For someone who once aspired to be a sports journalist and confessed to being a less than confident performer in her early years, Jessie Ware took the stage with aplomb.  Constantly engaging the audience (she took time in between songs to thank/encourage a couple who were grinding on each other to her songs), she went so far as to suggest what shows she would see if she were a ticket holder that evening (her picks:  T Williams, Mount Kimbie, Disclosure).  Nervous energy?  Perhaps, but if that is the case it came off as exceedingly charming and I enjoyed her set much more than I expected I would.

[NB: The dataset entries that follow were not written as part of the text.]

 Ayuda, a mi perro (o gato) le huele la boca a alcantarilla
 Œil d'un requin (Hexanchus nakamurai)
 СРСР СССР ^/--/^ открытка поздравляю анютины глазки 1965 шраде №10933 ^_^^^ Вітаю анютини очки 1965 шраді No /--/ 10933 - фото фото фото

WORST SCHEDULING DECISION – Claude Von Stroke, Friday 7:15 Asheville Civic Center

Too early in the evening, too big a venue.   Make no mistake, I loved this set.  CVS’s blend of techno, hip hop and some jungle/drum and bass for good measure was quite delectable.  But playing at 7:30 at night to a quarter full Civic Center definitely put a damper on things


TRIPPIEST DANCE PARTY – TIE between Darkside and Animal Collective

I caught only the very end of Animal Collective’s Saturday night set but when I walked into the room, I entered a psychedelic-sun-festival dance party.  The stage was essentially a large mouth, containing the band and a spiral of color into oblivion.  “Monkey Riches” was quite literally a carnival of color and sound, and costumed concert goers were skipping and jumping everywhere around me.  In stark contrast was Darkside’s Sunday evening performance.  Using darkness as a visual effect can have mixed results, but for this set it was perfect.  Darkside’s high minded, multi textured grooves take a while to get going but once the picture is complete the results are stunning.

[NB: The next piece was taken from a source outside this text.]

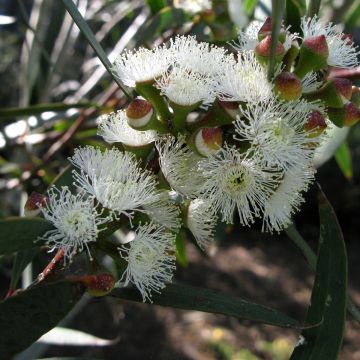 Eucalyptus gregsoniana ou pauciflora var. nana - Gommier des neiges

FAVORITE BAR – The Emerald Lounge

I ended up spending a fair bit of time here Friday and Saturday, both to catch some of the local showcase acts and to grab some, ahem, cheaper refreshments.  Friendly staff, close proximity to the Civic Center/Thomas Wolfe Auditorium, and the aforementioned local acts made it a nice spot for the weekend.  On the local acts, The Jellyrox was SUPER 80’s.  I caught myself humming “Girls Just Wanna Have Fun” along to one of his tracks.  Silliness, however, can make for great dance music and I found his set enjoyable.  South Carolina’s own We Roll Like Madmen unveiled their new light rig, as well as a number of new tracks.  Given their unfortunate time slot vs the Deltron 3030 reunion, they had by far the biggest crowd of all the shows I caught at the Emerald Lounge over the weekend.  Finally, Moving Temple on Saturday night brought a nice variety of sounds to the table.  (Note:  I was scolded by a few friends for not catching Splynter, immediately following Moving Temple).



I ended up missing most of the Gary Numan interview due to waiting OVER AN HOUR for a cab ride, but I did make it in time to catch the last twenty minutes or so.  He spoke at length about his struggles with early fame and the aggressive behavior of people who didn’t like his music (he recalled a British newspaper who called for his parents to be sterilized).   He had several stories of people heckling him on the street, and about how this negativity forced him into a deep seclusion (“It’s the craziest thing, I haven’t hurt anyone, I didn’t steal anything…well some idea’s maybe” :: everyone laughs :: ).  He went on to credit Trent Reznor with his late career revival, and his new interest in music scores.



On the whole I really enjoyed this years festival.  As always, Asheville is the most gracious of host cities and save the biting cold Friday night the weather was amazing.  I would like to extend thanks to Pitch Perfect PR and AC Entertainment for providing me with my press pass and for putting on a wonderful event.